Les lumières se rallument, disais-je. Ma voisine, Christine, se tourne vers moi et m’embrasse, et je ne connais rien de plus beau, pour dire la joie et la reconnaissance, que ce baiser inattendu déposé sur ma joue. Elle me dit qu’elle est heureuse d’avoir fait ma connaissance et d’avoir assisté au concert en ma compagnie. La réciproque est vraie, Christine, et si le hasard t’amène un jour à ouvrir les portes de ce Cabaret, sache que je serai heureuse de t’y accueillir. Je n’oublierai pas ton sourire, je n’oublierai pas ce que tu m’as dit et que tu ne comprenais pas toi-même, je cite !
Retour dans la nuit chez mon collègue Renaud, qui m’hébergeait pour la nuit. Dans la voiture, nous échangeons sur nos vies, nous sommes encore un peu ailleurs, délicieusement ailleurs. Au petit matin, il quitte la maison, et je descends voir sa maman. Elle m’offre un café, nous papotons. Nous nous connaissons à peine, mais le courant passe illico (il faut dire qu'Hubert crée des liens !) Elle me dit des choses qui me chamboulent, qui me font entrevoir la délicatesse de son âme. Bon sang, que le public de Thiéfaine est beau, dans sa diversité, sa profondeur et ses blessures !

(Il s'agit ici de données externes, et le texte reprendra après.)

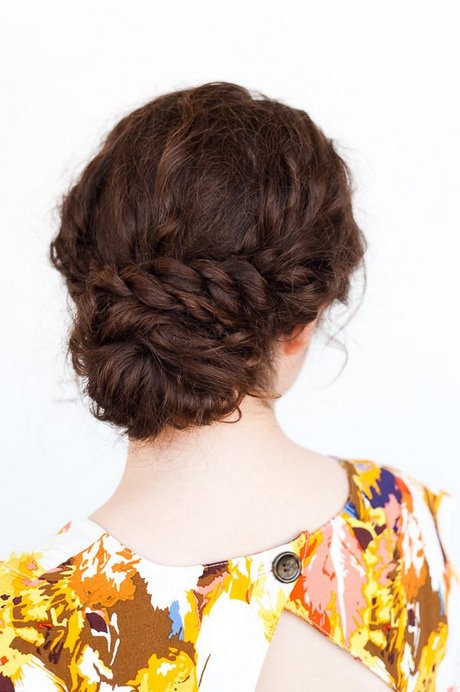 Curly frisyrer updo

Merci à Françoise, pour tout, absolument tout. Merci à Corinne pour les encouragements au sujet de ce blog, merci à Bruce et Cindy, pour les mots échangés dans le froid (c’est devenu une habitude !) Amitiés au Doc, que je n’oublie jamais, mais je crois qu’il le sait malgré ses innombrables taquineries !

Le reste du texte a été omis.